We can, of course, draw a feature map as well. In these simple cases the feature maps look the same as drawing all of the molecule’s features:

def drawFeatMap(m, fMap, p=None, confId=-1, removeHs=True):
        if p is None:
            p = py3Dmol.view(width=400, height=400)
        p.removeAllModels()
        if removeHs:
            m = Chem.RemoveHs(m)
        IPythonConsole.addMolToView(m,p,confId=confId)
        for feat in fMap.GetFeatures():
            pos = feat.GetPos()
            clr = featColors.get(feat.GetFamily(),(.5,.5,.5))
            p.addSphere({'center':{'x':pos.x,'y':pos.y,'z':pos.z},'radius':feat.weight*.5,'color':colorToHex(clr)});
        p.zoomTo()
        return p.show()

drawFeatMap(ms[0],fms[0])

You appear to be running in JupyterLab (or JavaScript failed to load for some other reason). You need to install the 3dmol extension:
jupyter labextension install jupyterlab_3dmol

Now let’s look at scoring the features from each molecule against the feature map. Since scores are affected by the number of features in each FeatMap, we’ll normalize here using the number of features in the molecule with less features.

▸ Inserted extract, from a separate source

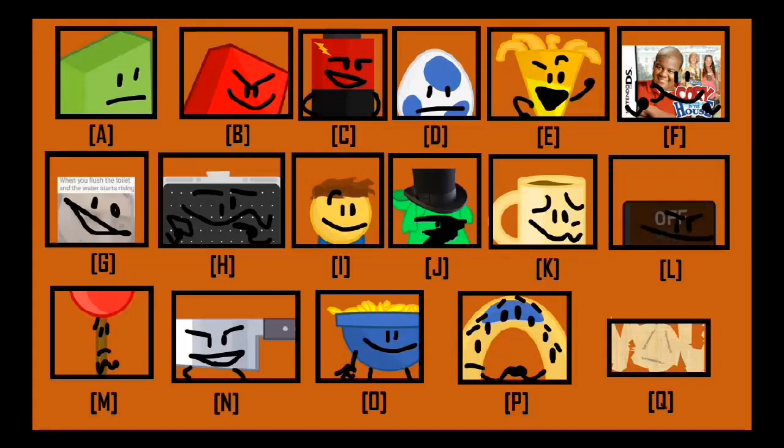Vote for the person you want to join Battle for Something by typing their letters in square brackets in the comments.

fms[0].ScoreFeats(fms[1].GetFeatures())/min(fms[0].GetNumFeatures(),fms[1].GetNumFeatures())

0.31955076703314267

fms[0].ScoreFeats(fms[2].GetFeatures())/min(fms[0].GetNumFeatures(),fms[2].GetNumFeatures())

0.815994417450649

fms[1].ScoreFeats(fms[2].GetFeatures())/min(fms[1].GetNumFeatures(),fms[2].GetNumFeatures())

0.12773080957394894

An aside: since the weights on the features in FeatMap are all 1.0, the scoring is symmetric:

fms[2].ScoreFeats(fms[1].GetFeatures())/min(fms[0].GetNumFeatures(),fms[2].GetNumFeatures())

0.12773080957394894

The ScoreFeats() method can also generate a feature map vector: the breakdown of the score by the contributions of individual features in the feature map.

scoreVect = [0]*fms[2].GetNumFeatures()
fms[2].ScoreFeats(featLists[1],mapScoreVect=scoreVect)
scoreVect

[0.0, 0.47597567297942583, 0.0, 0.03494756531636994]

scoreVect = [0]*fms[2].GetNumFeatures()
fms[2].ScoreFeats(featLists[0],mapScoreVect=scoreVect)
scoreVect

[0.900252447002704, 0.4636038094112722, 0.900252447002704, 0.999868966385916]

Feature map vectors can also be used as descriptors for machine learning, as shown in the second reference mentioned above. If I find a good example system I’ll try and do a blog post on that as well.

Hopefully others find this brief introduction to the RDKit’s FeatMap implementation useful.